■ WORK ITEM ■
What is needed here is an exact printout of the data, with no pictures included.

■ RECORDED DATA ■

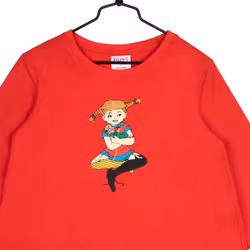 Pippi kramar nattlinne - Stl. 86/92cl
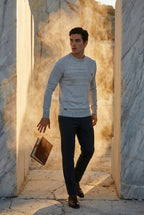 Zoyri | Structured Knit Crew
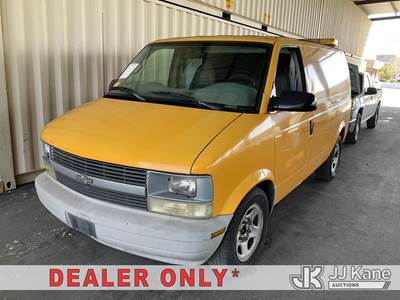 2005 Chevrolet Astro Cargo Van 2WD Cargo Van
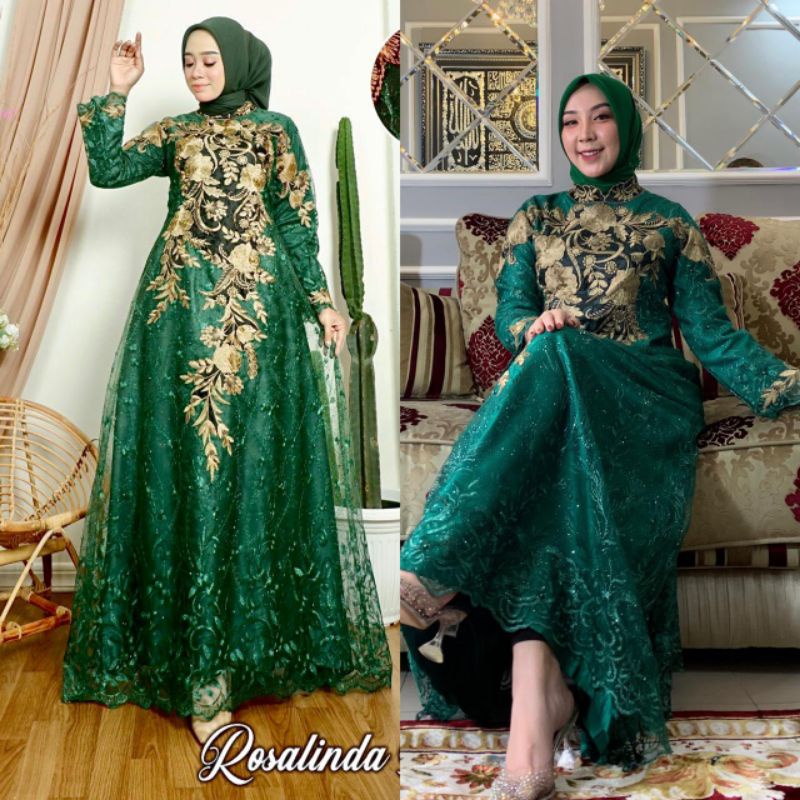 KEBAYA ORIGINAL//KEBAYA MODERN//ROSALINDA DRESS//By Pelangi Jaya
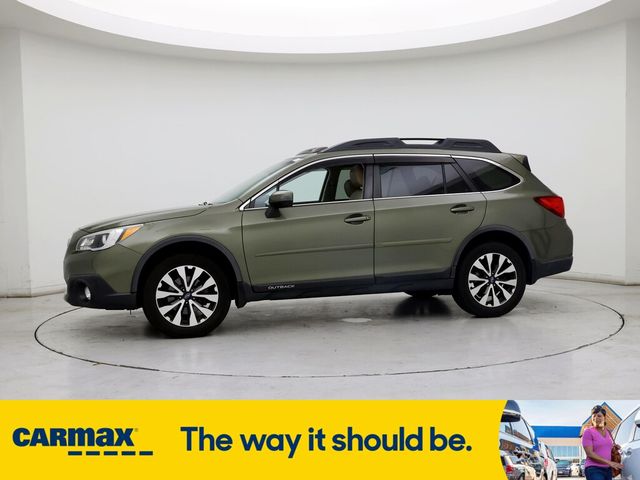 2015 Subaru Outback 2.5i Limited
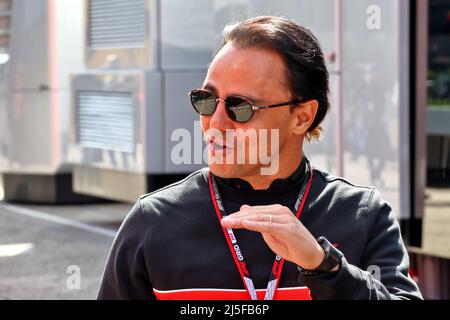 Felipe Massa (BRA) Président de la Commission des pilotes de la FIA. 23.04.2022. Championnat du monde Formula 1, route 4, Grand Prix Emilia Romagna, Imola, Italie, Sprint Day. Le crédit photo doit être lu : images XPB/Press Association. Banque D'Images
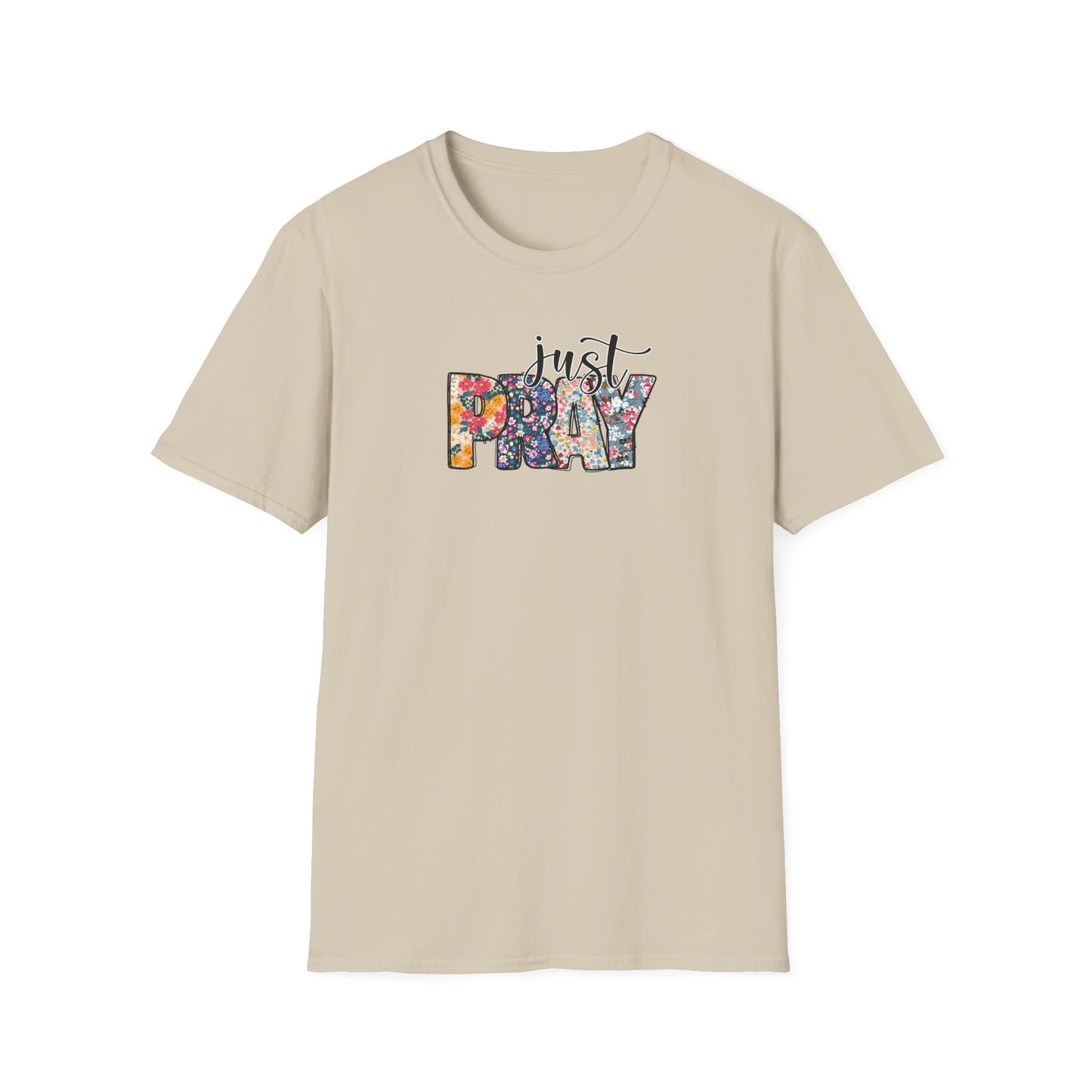 "Just Pray" Unisex Softstyle T-Shirt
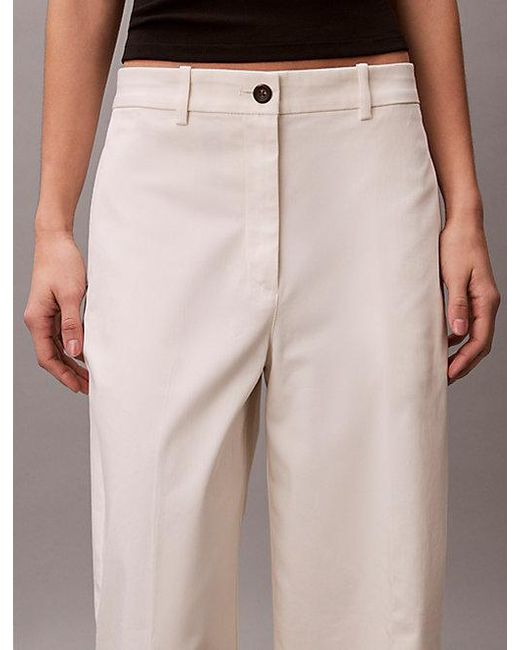 Calvin Klein Multicolor Jeans Baggy Chino Pants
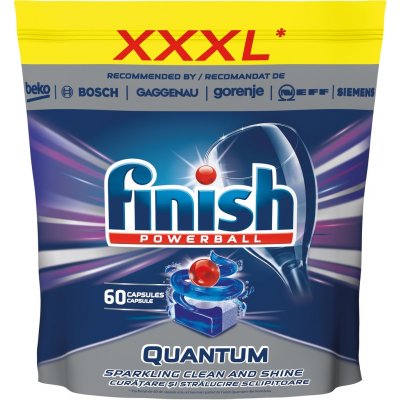 Finish Quantum tablety do myčky nádobí 60 ks – Zboží Mobilmania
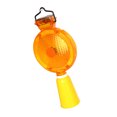 thumbnail image 1 of Barricade LED Warning Lights,Solar LED Barricade Light LED Warning Safety Light Solar Traffic Signals Extended Durability, 1 of 12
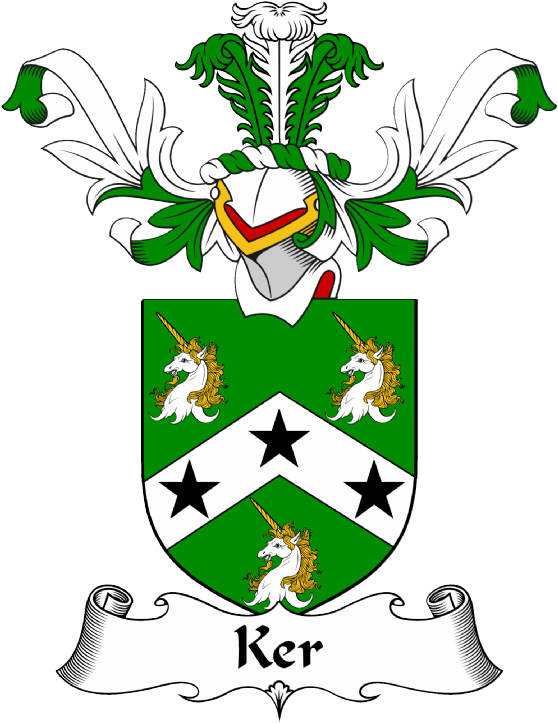 Ker Coat of Arms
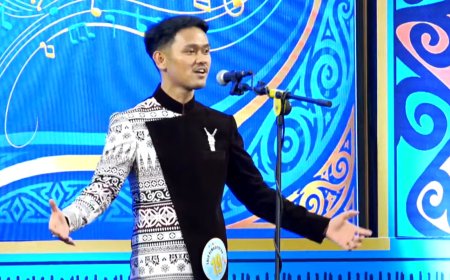 Octovianus Lumembang Bersyukur Tampil Maksimal di Debut Pesparawi Nasional XIV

■ EXERCISE RESULT ■
 Pippi kramar nattlinne - Stl. 86/92cl
 Zoyri | Structured Knit Crew
 2005 Chevrolet Astro Cargo Van 2WD Cargo Van
 KEBAYA ORIGINAL//KEBAYA MODERN//ROSALINDA DRESS//By Pelangi Jaya
 2015 Subaru Outback 2.5i Limited
 Felipe Massa (BRA) Président de la Commission des pilotes de la FIA. 23.04.2022. Championnat du monde Formula 1, route 4, Grand Prix Emilia Romagna, Imola, Italie, Sprint Day. Le crédit photo doit être lu : images XPB/Press Association. Banque D'Images
 "Just Pray" Unisex Softstyle T-Shirt
 Calvin Klein Multicolor Jeans Baggy Chino Pants
 Finish Quantum tablety do myčky nádobí 60 ks – Zboží Mobilmania
 thumbnail image 1 of Barricade LED Warning Lights,Solar LED Barricade Light LED Warning Safety Light Solar Traffic Signals Extended Durability, 1 of 12
 Ker Coat of Arms
 Octovianus Lumembang Bersyukur Tampil Maksimal di Debut Pesparawi Nasional XIV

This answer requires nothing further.